Commentary

The Short Story on Our Shorts

Written by Jeff Fischer | Dec 18, 2018 7:06:00 PM

We strive to own a portfolio of leading companies that will grow in value the more we let them alone—even as we, of course, watch our businesses closely. To hedge an ever-variable part of our long market exposure, we also want to manage an active basket of shorts—stocks we borrow and immediately sell with hopes of profiting by buying them back later at lower prices. When the market falls sharply, a basket of short positions can compensate for a sizable portion of the decline, commensurate with the allocation afforded the basket.

But selling short is not easy, requires steady attention, has unique risks, and is an active strategy. Ideally, any short seller already has many years of learning experience selling short, and in various market conditions, because that could help them to be a better short seller today. I’ve been selectively selling short stocks since 1996. Most of our short sales here at 1623 Capital will be shorter term in nature, with the positions staying open weeks or months, rarely years, and steadily refreshed with new shorts as opportunities arise.

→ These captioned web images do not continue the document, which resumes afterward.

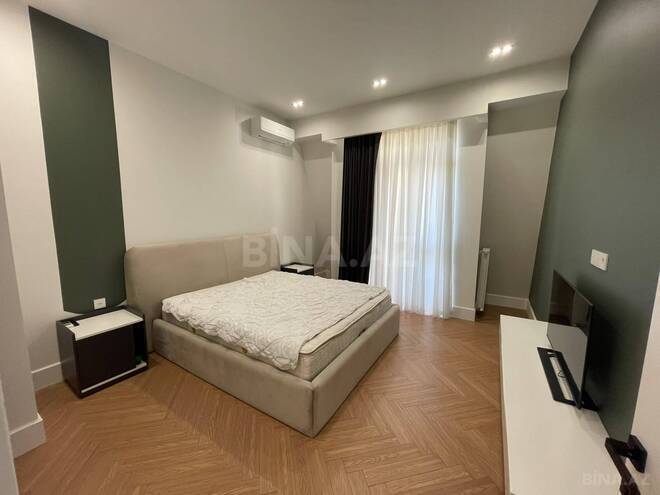 İcarəyə verilir 2 otaqlı yeni tikili 65 m², Ağ şəhər q., photo 14 from 28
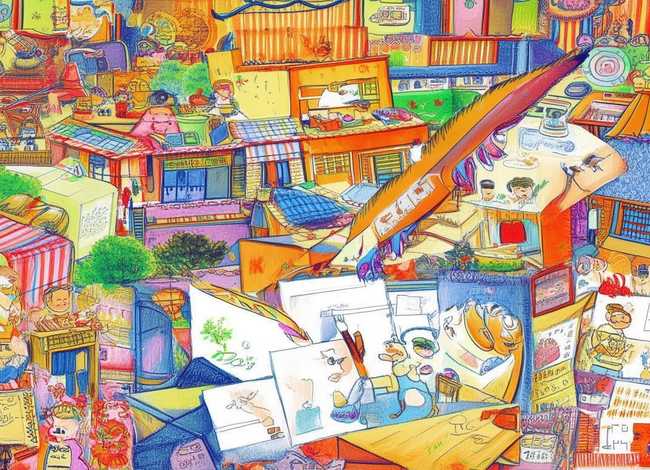 连环画小故事创作；连环画小故事创作思路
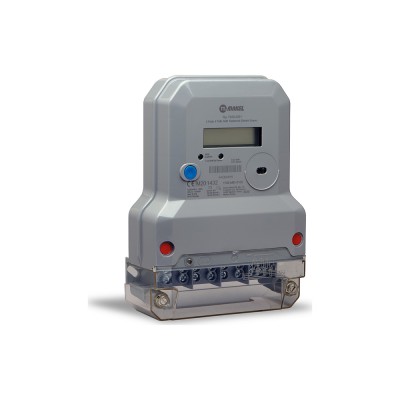 TRİFAZE SAYAÇ 3x5 (100) AKTİF MAKEL KOY.2211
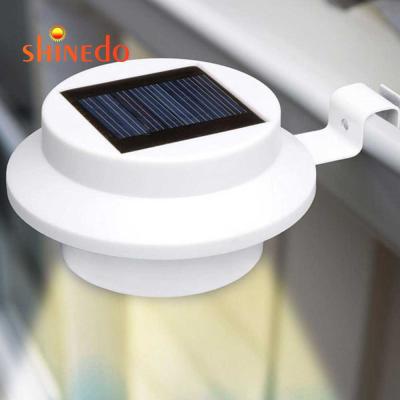 China Garden Solar Lawn House Outdoor House Garden Lamp Eaves Solar Wall Lamp Corridor Wall Corridor Light Garden LED Solar Sink Light for sale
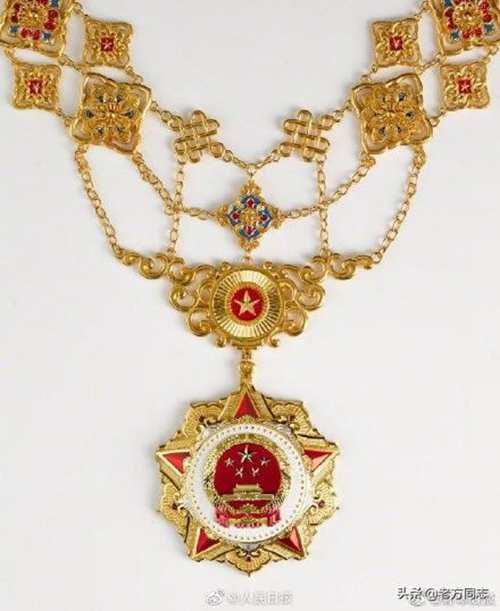 共和国勋章有什么好处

When it comes to business attributes, it stands to reason that our shorts should largely be mirror opposites of our longs. Let’s look:

  • Diminishing relevance.
    Many of our shorts will be steadily slipping in business stature; some will already be deep in a valley of darkness, with little chance of seeing the sun again. We want to short businesses that are being abandoned by customers as the world changes—businesses that lack strong relevance or importance today. Barring that, we want to short inferior businesses operating in commoditized niches, lacking pricing power, thin on expansion opportunities, and trying to make weak business models or struggling products work.
  • Much that needs to go right.
    Just as we want it to be as easy as possible for our long investments to keep growing, we want the odds stacked high against our shorts’ prospects for growing at all. Business is typically already going poorly at our shorts, and we want a great deal of various factors that need to go right if the business is going to improve at all. We don’t want to short companies that can, with one or two fixes, change their destiny for the better. We want to short companies that are likely to continue to suffer even if management is able to improve a few factors.
  • Piecemeal management.
    Rather than the aligned, proven management teams that we see at many winning companies, lagging companies are often run by ad-hoc management teams brought together as a Hail Mary; they may even have one foot out the door. In fact, we like to see that recent managers have left. We like to see managers who aren’t financially well aligned with the company’s success, and managers who lack clarity in their business plans.
  • Financial headwinds.
    Crushing debt loads at high interest rates can have the effect of keeping a struggling company’s head close to underwater, if not submerged. That makes it difficult for management to breathe easy enough to stage a recovery. Declining sales, falling profit margins, increasing costs—all can combine to make a recovery especially difficult, and we seek these situations out. Add financial headwinds to the mix, and we may have an ideal short candidate.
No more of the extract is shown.